LocalLLaMA

3 readers

1 users here now

Community to discuss about Llama, the family of large language models created by Meta AI.

founded 1 year ago

MODERATORS

communick@poweruser.forum

Dear Model Mergers, Have You Solved Merger of Different Model Families? (alien.top)

submitted 1 year ago by BayesMind@alien.top to c/localllama@poweruser.forum

13 comments fedilink hide all child comments

I've only seen merging of same-upstream-pretrained-model-at-same-size.

At very least, you should be able to merge any 2 models with the same tokenizer via element-wise addition of the log probs just before sampling. This would also unlock creative new samplers. IE instead of adding logprobs, maybe one model's logprobs constrains the other's in interesting ways.

But, 2 models with same architecture and same dataset will be heavily biased in the same direction, even if you take 2 different finetunes, so this approach seems like it will have a low ceiling of potential.

Also, if you're just doing a linear interpolation of same-dimensioned weights, why not just collapse them all into a normal-sized model? IE 70B + 70B should still == 70B.

That said, you would get much more interesting models if you allowed mergers of different architectures, trained from different initializations, and with different datasets. I would think that the research on "token healing" would allow you to merge any 2 models, even if they have different tokenizers.

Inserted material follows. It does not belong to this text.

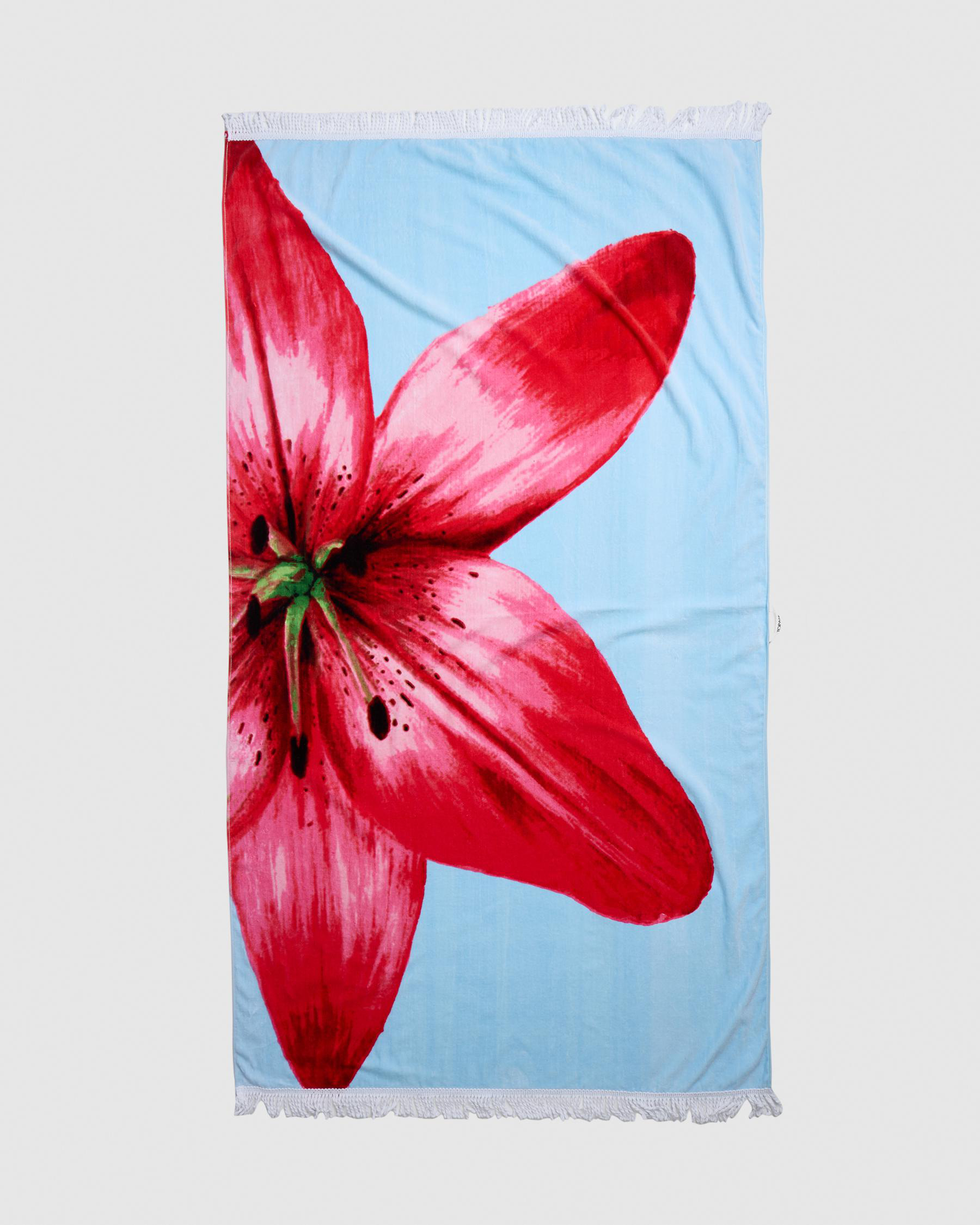 Lirio Beach Towel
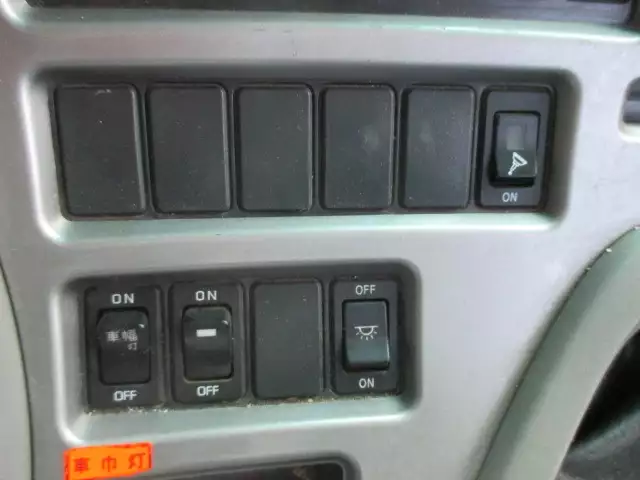 平成22年10月中古大型日産UDクオンの画像49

This seems like a cool way forward.

top 13 comments

sorted by: hot top controversial new old

[–] FullOf_Bad_Ideas@alien.top 1 points 1 year ago (1 children)

I've only seen merging of same-upstream-pretrained-model-at-same-size.

Not anymore.

Here's a merge of llama 2 13B and llama 1 33B https://huggingface.co/chargoddard/llama2-22b

[–] 30299578815310@alien.top 1 points 1 year ago (2 children)

How does this work? Like I'm really confused at a conceptual level on how you merge models with different numbers of different sized layers.

[–] BayesMind@alien.top 1 points 1 year ago

reading the readme, it sounds like they're running some attention heads that were either already same-dimensioned across both models, or, they may have included a linear projection layer to accomplish it. Then, they say they trained on 10M tokens to "settle in the transplant", which doesn't sound like enough to me, and they concur this model isn't useful until further training.

[–] llama_in_sunglasses@alien.top 1 points 1 year ago

https://huggingface.co/chargoddard/llama2-22b/blob/main/frankenllama_22b.py shows how the tensors are padded up to fit

[–] a_beautiful_rhind@alien.top 1 points 1 year ago (1 children)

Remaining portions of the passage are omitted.